[Data section]
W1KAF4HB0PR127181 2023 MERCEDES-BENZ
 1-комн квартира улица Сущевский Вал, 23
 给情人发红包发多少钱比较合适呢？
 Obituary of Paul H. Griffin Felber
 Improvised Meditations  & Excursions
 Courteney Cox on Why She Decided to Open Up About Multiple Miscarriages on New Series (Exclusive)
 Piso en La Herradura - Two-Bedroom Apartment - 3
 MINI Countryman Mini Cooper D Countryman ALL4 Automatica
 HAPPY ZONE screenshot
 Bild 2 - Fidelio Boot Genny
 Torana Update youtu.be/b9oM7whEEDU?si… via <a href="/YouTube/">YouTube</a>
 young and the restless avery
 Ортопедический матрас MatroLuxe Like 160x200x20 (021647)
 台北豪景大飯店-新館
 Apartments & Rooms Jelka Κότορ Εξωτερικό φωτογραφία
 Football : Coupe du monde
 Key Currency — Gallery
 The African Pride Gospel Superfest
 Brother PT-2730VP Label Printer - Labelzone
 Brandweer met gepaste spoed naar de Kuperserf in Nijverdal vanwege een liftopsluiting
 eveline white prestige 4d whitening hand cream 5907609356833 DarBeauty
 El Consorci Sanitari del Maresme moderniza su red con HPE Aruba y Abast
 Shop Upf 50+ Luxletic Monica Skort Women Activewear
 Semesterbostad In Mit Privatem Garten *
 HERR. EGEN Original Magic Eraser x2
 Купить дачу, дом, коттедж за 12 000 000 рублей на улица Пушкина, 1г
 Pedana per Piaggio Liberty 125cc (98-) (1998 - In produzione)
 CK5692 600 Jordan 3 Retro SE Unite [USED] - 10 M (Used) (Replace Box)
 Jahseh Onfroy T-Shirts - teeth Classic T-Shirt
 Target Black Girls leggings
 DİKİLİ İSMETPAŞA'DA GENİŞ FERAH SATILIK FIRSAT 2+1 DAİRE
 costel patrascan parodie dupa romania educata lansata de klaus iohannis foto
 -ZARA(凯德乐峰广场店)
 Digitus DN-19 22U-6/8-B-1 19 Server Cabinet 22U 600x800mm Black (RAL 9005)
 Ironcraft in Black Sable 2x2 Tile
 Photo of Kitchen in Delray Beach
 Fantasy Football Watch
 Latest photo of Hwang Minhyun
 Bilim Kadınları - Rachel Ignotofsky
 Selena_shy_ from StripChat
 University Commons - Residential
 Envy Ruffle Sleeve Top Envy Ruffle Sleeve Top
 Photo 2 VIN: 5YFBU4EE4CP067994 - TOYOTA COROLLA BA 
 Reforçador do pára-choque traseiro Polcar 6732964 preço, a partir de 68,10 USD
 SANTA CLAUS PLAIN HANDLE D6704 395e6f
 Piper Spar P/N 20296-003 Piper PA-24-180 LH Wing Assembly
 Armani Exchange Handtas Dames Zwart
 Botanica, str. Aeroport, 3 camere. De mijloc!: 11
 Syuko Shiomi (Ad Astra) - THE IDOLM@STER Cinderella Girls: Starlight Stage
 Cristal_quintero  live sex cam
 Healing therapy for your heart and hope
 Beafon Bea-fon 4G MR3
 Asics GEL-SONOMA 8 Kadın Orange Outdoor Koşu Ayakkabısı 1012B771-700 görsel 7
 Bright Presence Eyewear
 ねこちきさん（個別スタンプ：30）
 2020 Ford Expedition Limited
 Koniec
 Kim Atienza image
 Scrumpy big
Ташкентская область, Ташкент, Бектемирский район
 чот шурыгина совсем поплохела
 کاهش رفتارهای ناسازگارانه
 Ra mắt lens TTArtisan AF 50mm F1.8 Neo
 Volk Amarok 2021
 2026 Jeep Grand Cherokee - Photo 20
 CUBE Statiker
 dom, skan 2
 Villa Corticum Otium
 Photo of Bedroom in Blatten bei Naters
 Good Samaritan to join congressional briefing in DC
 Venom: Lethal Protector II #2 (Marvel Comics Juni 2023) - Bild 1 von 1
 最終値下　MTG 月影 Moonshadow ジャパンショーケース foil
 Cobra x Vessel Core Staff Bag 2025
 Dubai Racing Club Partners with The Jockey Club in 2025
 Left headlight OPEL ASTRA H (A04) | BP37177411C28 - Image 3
[/Data section]
▶ **Your assignment**
Among the records, find all lines that include the string "Bedroom" and return them.

▶ **Problem solution**
 Piso en La Herradura - Two-Bedroom Apartment - 3
 Photo of Bedroom in Blatten bei Naters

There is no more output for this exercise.